* TASK TO COMPLETE *
Transcribe every line of the material below without change, apart from dropping the pictures.

*** DATA PROVIDED ***

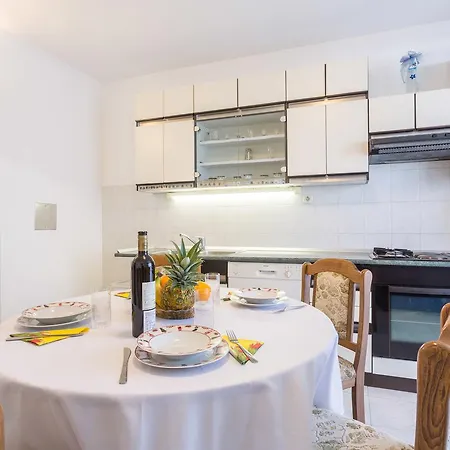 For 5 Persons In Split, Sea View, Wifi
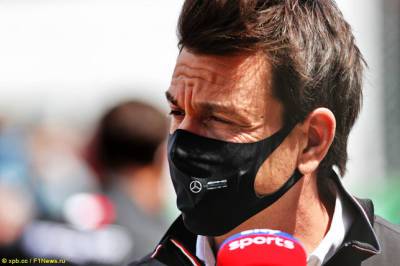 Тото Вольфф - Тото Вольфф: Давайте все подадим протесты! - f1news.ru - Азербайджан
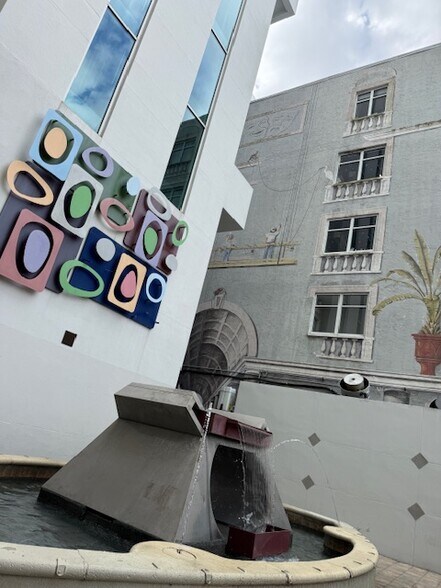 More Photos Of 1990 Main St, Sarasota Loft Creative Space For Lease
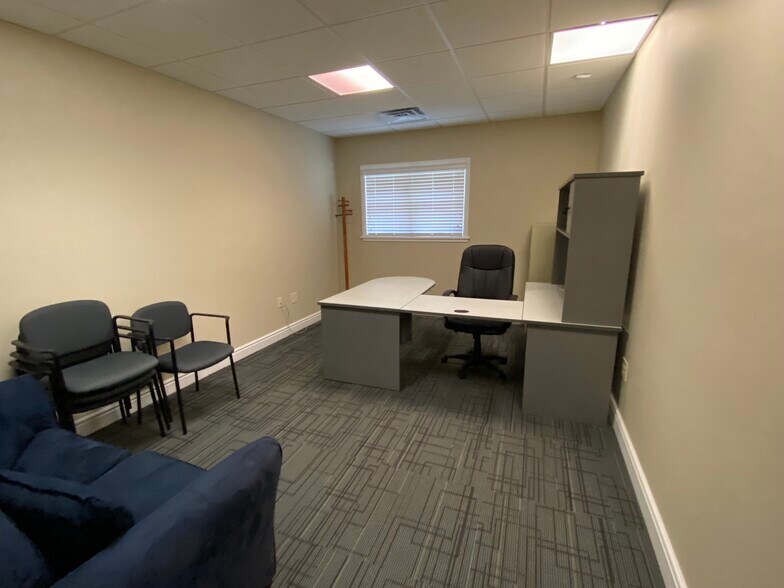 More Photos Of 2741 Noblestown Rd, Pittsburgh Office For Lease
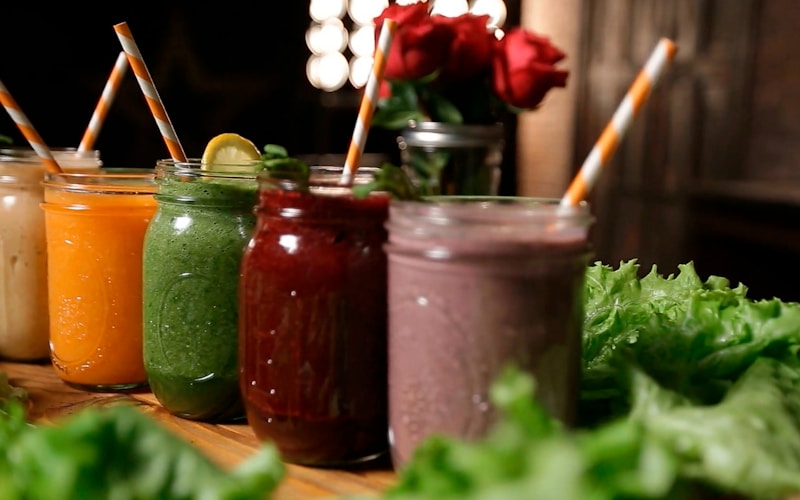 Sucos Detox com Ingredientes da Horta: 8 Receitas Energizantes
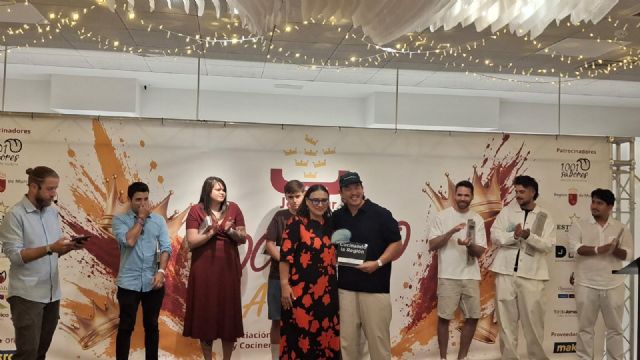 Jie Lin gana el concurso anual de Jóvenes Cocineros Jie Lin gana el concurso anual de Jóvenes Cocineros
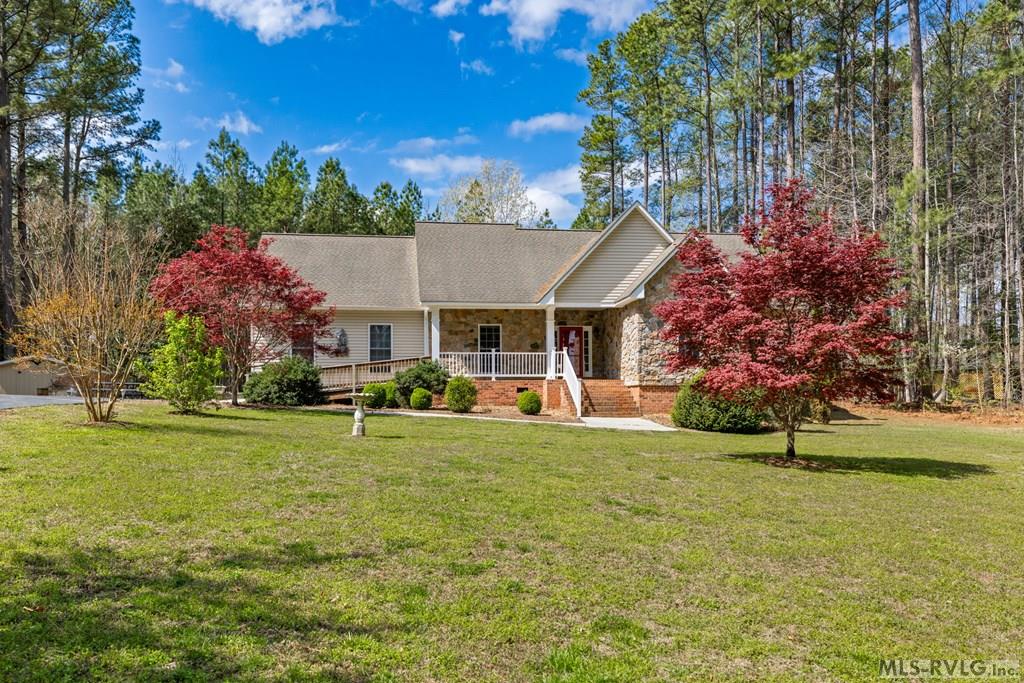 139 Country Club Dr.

*** End of DATA PROVIDED ***

* WRITTEN SOLUTION *
 For 5 Persons In Split, Sea View, Wifi
 Тото Вольфф - Тото Вольфф: Давайте все подадим протесты! - f1news.ru - Азербайджан
 More Photos Of 1990 Main St, Sarasota Loft Creative Space For Lease
 More Photos Of 2741 Noblestown Rd, Pittsburgh Office For Lease
 Sucos Detox com Ingredientes da Horta: 8 Receitas Energizantes
 Jie Lin gana el concurso anual de Jóvenes Cocineros Jie Lin gana el concurso anual de Jóvenes Cocineros
 139 Country Club Dr.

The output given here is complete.